ACTION ITEM =>
Look through the data below for the line with "Originální alu kola BMW - 8" and the line with "Rockwell Allen-Bradley 5069-AENTR", then transcribe exactly from the first through the second, leaving out all pictures.

RECORDS PROVIDED =>
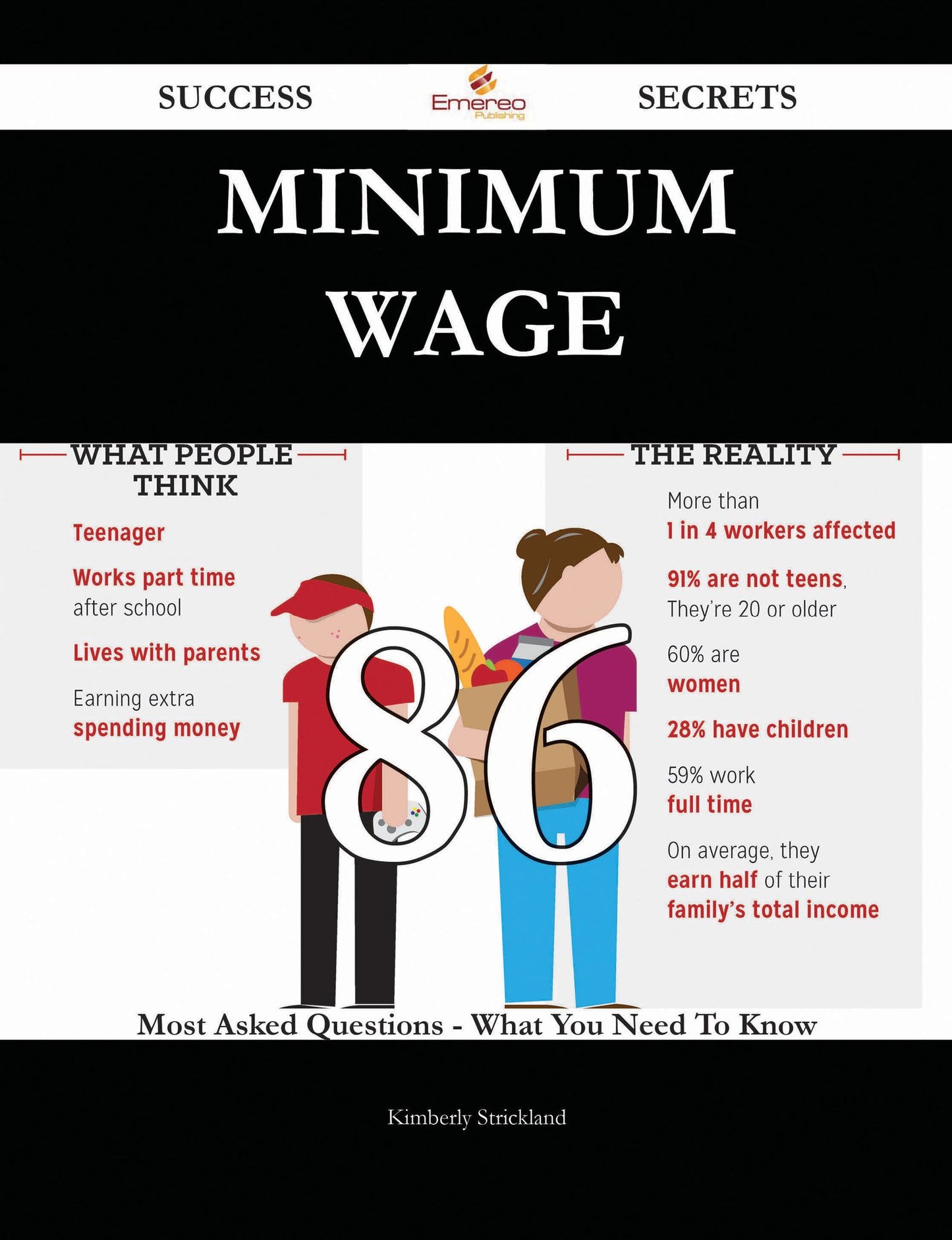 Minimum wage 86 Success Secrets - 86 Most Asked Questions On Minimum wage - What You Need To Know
* * *
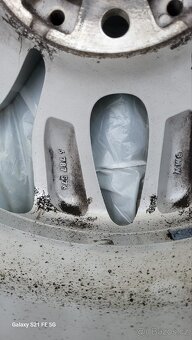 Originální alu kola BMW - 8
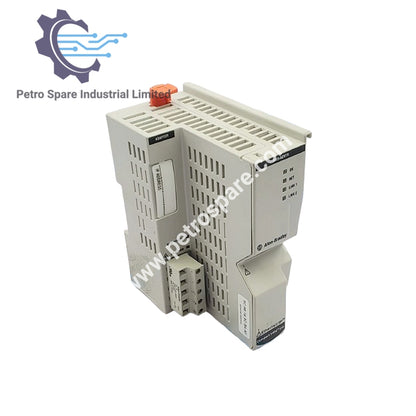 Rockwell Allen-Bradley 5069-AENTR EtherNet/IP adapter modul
--
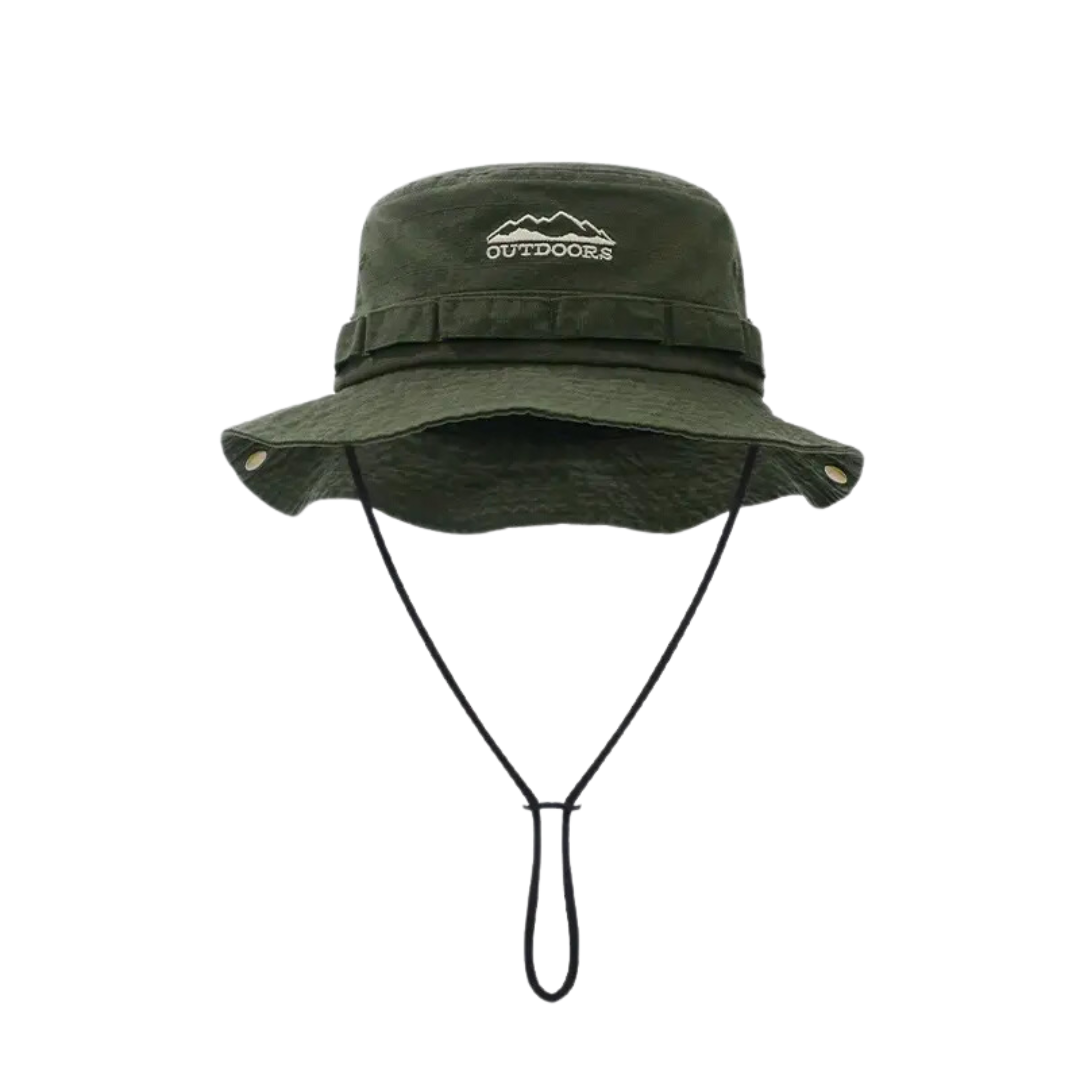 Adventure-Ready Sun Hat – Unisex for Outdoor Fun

ANSWER TO THIS TASK =>
 Originální alu kola BMW - 8
 Rockwell Allen-Bradley 5069-AENTR EtherNet/IP adapter modul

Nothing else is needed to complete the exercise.